Probability of 4 balls in one of 80 bins after 26 throws This relates to a stock problem:
I have a product with 80 sizes, the stock level of each size is 3, I forecast 26 customers per week so what is the probability I will run out of stock of at least one size ie. have an order for at east 4 of at least one size.
From this I would like to be able to try various combinations of stock level and forecast customers.
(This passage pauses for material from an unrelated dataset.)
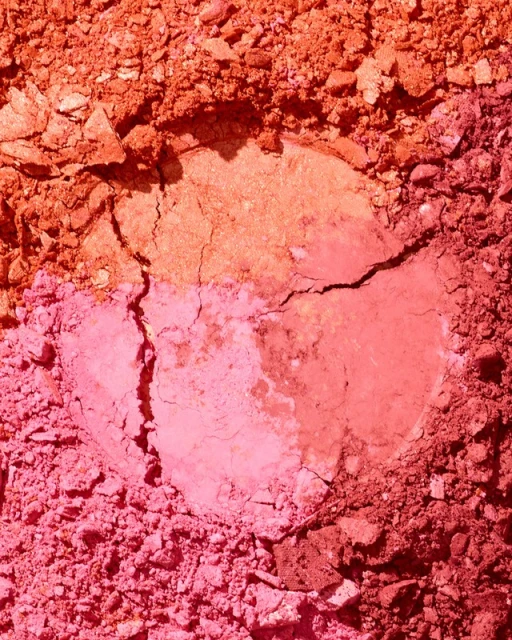 Close-up of cracked, colorful powder makeup in shades of pink, coral, and peach, filling the frame for beauty product display.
 A: For practical purposes, the probability that this happens for more than one size is so low that you can just take the expected number of sold-out sizes as an excellent approximation of the probability that at least one size is sold out. With $n=80$, $m=26$, $k=4$, this is
\begin{eqnarray*}
n\left(1-n^{-m}\sum_{j=0}^{k-1}\binom mj(n-1)^{m-j}\right)
&=&
80\left(1-\frac{79^{26}+26\cdot79^{25}+\binom{26}2\cdot79^{24}+\binom{26}3\cdot79^{23}}{80^{26}}\right)
\\
&\approx&
0.0234\;.
\end{eqnarray*}
If you want to know the exact probability, you can find it using inclusion–exclusion , but the calculation would be tedious since you'd have to sum over many possibilities for each of the sold-out sizes. Another way to find the exact probability would be to model this as a Markov chain, where the states would be characterized by the number of sizes that have $0$, $1$, $2$ and $3$ items left; the number of states would be the number $\binom{80+3}3=91881$ of ways to distribute the $80$ sizes over the $4$ stock values, so this could easily be modeled exactly on a computer.